Ian Black | The Guardian
22 July 2009
Israel’s education ministry has ordered the removal of the word nakba – Arabic for the “catastrophe” of the 1948 war – from a school textbook for young Arab children, it has been announced.
The decision – which will alter books aimed at eight- and nine-year-old Arab pupils – will be seen as a blunt assertion by Binyamin Netanyahu’s Likud-led government of Israel’s historical narrative over the Palestinian one.
The term nakba has a similar resonance for Palestinians as the Hebrew word shoah – normally used to describe the Nazi Holocaust – does for Israelis and Jews. Its inclusion in a book for the children of Arabs, who make up about a fifth of the Israeli population, drives at the heart of a polarised debate over what Israelis call their “war of independence”: the 1948 conflict which secured the Jewish state after the British left Palestine, and led to the flight of 700,000 Palestinians, most of whom became refugees.
Netanyahu spoke for many Jewish Israelis two years ago when he argued that using the word nakba in Arab schools was tantamount to spreading propaganda against Israel.
Palestinians have always maintained that the 1948 refugees were the victims of Israeli “ethnic cleansing”. But in recent years a new generation of revisionist Israeli historians has rejected the old official narrative that the Palestinians, supported by the neighbouring Arab states, were responsible for their own misfortune.
Reflecting those changing perceptions, Ehud Olmert, Israel’s last prime minister and leader of the centrist Kadima party, referred to Palestinian “suffering” at the Annapolis peace conference in 2007.
Netanyahu’s Likud takes a different view. “There is no reason to present the creation of the Israeli state as a catastrophe in an official teaching programme,” said the education minister, Gideon Saar. “The objective of the education system is not to deny the legitimacy of our state, nor promote extremism among Arab-Israelis.” There was bitter controversy in 2007 when nakba was introduced into a book for use in Arab schools only, by the then education minister, Yuli Tamir of the centre-left Labour party.
“In no country in the world does an educational curriculum refer to the creation of the country as a ‘catastrophe’,” Saar told MPs in the Knesset yesterday. “There is a difference between referring to specific tragedies that take place in a war – either against the Jewish or Arab population – as catastrophes, and referring to the creation of the state as a catastrophe.”
Arab MP Hana Sweid accused the government of “nakba denial”. The follow-up committee for Arab education said: “Palestinian-Arab society in Israel has every right to preserve its collective memory, including in its school curriculums.”
Jafar Farrah, director of Mossawa (Equality), an Israeli-Arab advocacy group, told Reuters the decision to excise the term nakba only “complicated the conflict”. He called it an attempt to distort the truth and seek confrontation with the country’s Arab population.
Yossi Sarid, a dovish former education minister, said the decision showed insecurity. “Zionism has already won in many ways, and can afford to be more confident,” he said. “We need not be afraid of a word.”
Israeli Arab activists have also pledged to carry on marking Nakba Day in the face of planned legislation that would withhold government money from institutions that fund activity deemed detrimental to the state.
These include commemorating the nakba – on the same day as Independence Day – “rejecting Israel’s existence as the state of the Jewish people” and supporting an “armed struggle or terrorist acts” against Israel.
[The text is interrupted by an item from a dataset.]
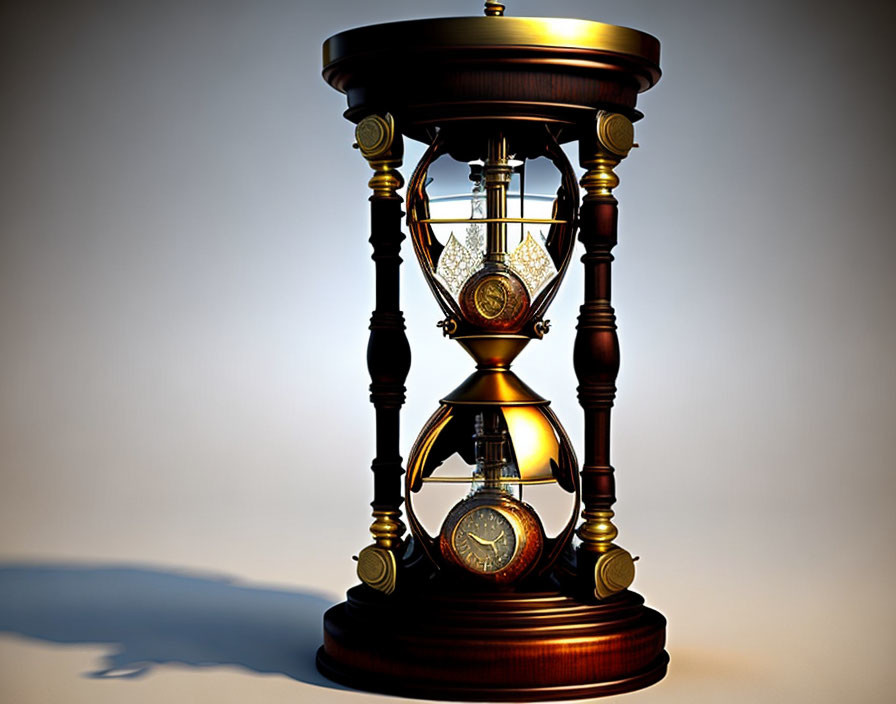 Intricate Design: Ornate Hourglass with Embedded Pocket Watch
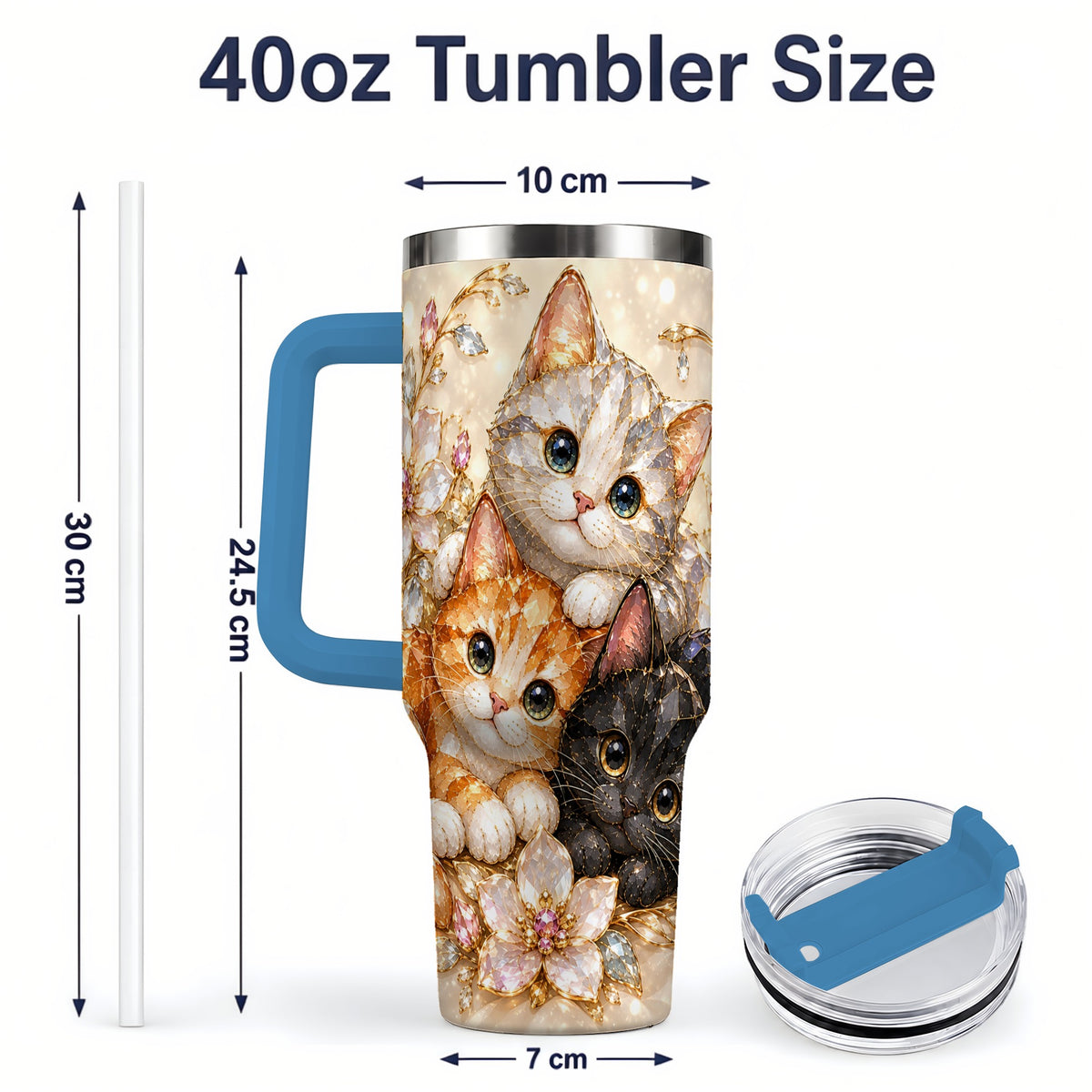 #pl[40oz|Blue] Jeweled Cat Floral 40oz Tumbler with Three Cats and Flowers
An initial version proposed by the far-right foreign minister Avigdor Lieberman would have banned all Nakba commemorations and carried sentences of up to three years in prison.
By the book
Japan has long been criticised for toning down aspects of its wartime atrocities in textbooks, particularly the Nanjing massacre and use of sex slaves. Russia has taken up Soviet techniques of airbrushing history, a book being banned two years ago for positing that Vladimir Putin had established an “authoritarian dictatorship”. A decade after Nelson Mandela’s release from prison, black schoolchildren in South Africa were still studying textbooks that extolled the voortrekkers and offered only minimal explanations of their own history. In Britain it was an exam paper that caused offence when a poem by Carol Ann Duffy containing referencing knife crime was removed from the GCSE syllabus. The Carol Ann Duffy poem began: “Today I am going to kill something. Anything./ I have had enough of being ignored and today/ I am going to play God.”